After a long summer of musical globetrotting, it's a pleasure to bring Peace Portal back to it's roots with the incredible underground sounds of the Pacific Northwest, and there are few who could better represent that than this month's featured artist, Alkemist.
Alkemist, aka Austin Scheen, touts an uncanny sense of spatial, driving techno grooves. Scheen spent the last several years honing their own magically intoxicating brew of dancefloor witchcraft, combining the organic sounds of analog hardware, with the synthetic logic of DAWs to achieve spellbinding effects. Through releases on Hardonymus Records, as well as their own label Unround Sound, not to mention their prolific string of live stream appearances over the last year, Scheen teases the beginning of an enchanting catalog of releases.
In addition to the usual mix and interview, Scheen also recorded a live video of their set, available below.
Describe for us the equipment you used to create your mix?
It's a hybrid set up being synced together by Ableton for now. Ableton runs a few sample clips, and feeds midi notes to the Behringer Poly D, the main lead analog synthesizer. The Poly D has 4 voices and standard filter settings, which try to mimic the Moog filters. Drum patterns come from the Arturia Drumbrute Impact analog drum machine for this set, and are usually made up on the fly, with a couple preprogrammed "build up" patterns for tension and drops. There is also an RD-3, (a 303 clone) which has some pre programmed patterns sorted by key. These analog elements run into an analog mixer for cleaning up the low end on things that aren't the kick, and this runs into an audio interface, then a final clean up in Ableton controlled by the Akai APC40 MK2 midi controller.
What is your work flow like when composing across analog and digital components?
Lately it's been getting inspirations from a certain feeling or moment, and turning it into a sample. I separate my "music producing time" and "sample making" time. It's basically a lot of throwing stuff together until I find an aha! moment, then focus on cleaning it up. I usually have a specific tone in mind for all the elements. I try to decide who is the star for each track to really dial it in, It's most often the Poly D, or a specific sample. Sometimes just the drums themselves inspire a track.
How has your creative process evolved between your releases on Hardonymus Recordings, Living Habit (May 2020) and Mess of Melodies (July 2021)?
Wow has it changed. Most of those songs came from my whole perspective of dance music being influenced and shaped from my journey of learning to DJ. They were also all made inside ableton. Overall, I've learned to let parts have their own space in the mix more so their story can be heard. It's more about the song itself than how well it's "mixed" or "mastered". However I was a "musician" first and love to play with all the instruments. This last release might be my last "DJ" release for a while. A big change after finalizing the latest release is I am moving onto releasing "Live" tracks. "System Liberation" will be out on Unrounsound, while the tracks in this set I am aiming to release on Awesome Soundwave.

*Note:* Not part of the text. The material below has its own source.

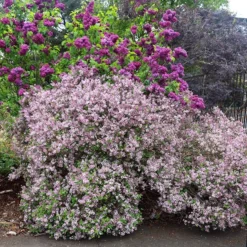 Syringa Meyeri 'Palibin'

What is your process like for combining your productions in a live set?
Well I finally got into the habit of labeling all of my songs by Key so it makes things much easier to play around with. If I change the key I have to re-tune the kick on the fly. Overall I just have the elements of the songs separated into 7 tracks inside Ableton. I control each clip with the APC40 MK2. The Analog stuff is all on one track with midi clips, then a track of high/mid samples, a track for mid/low samples, two tracks for high hat samples (L&R), a bass/sub elements track, and a "pad" element track. I try to keep it simple and leave room for improvisation by having each track just as one or two scenes of clips (loops).
Tell us about your vision behind the releases on Unround Sound.
Unround Sound started with kind of a selfish purpose at first. I just really wanted to figure out how to get my own music onto DJ stores like Beatport and Traxsource. The label acted mostly as distribution for myself and other dance music artists I am friends with. Then when George Floyd was murdered and there were local protests I attended in the city I was in, Tacoma, I had an epiphany. I could help anyone in the world have access to putting their music on streaming services, not just me and my friends. I made several searches and posts online looking for artists, and then a young man named Pauluwe (Pronounced Paula-Way) contacted me from Lagos Nigeria, telling me he had an entire album's worth of music ready to release. A few releases later, we still work together to release his music, as well as other artists he is friends with in Nigeria. So now the label is more about releasing unique dance music for any artists, especially those who have less access to distribution.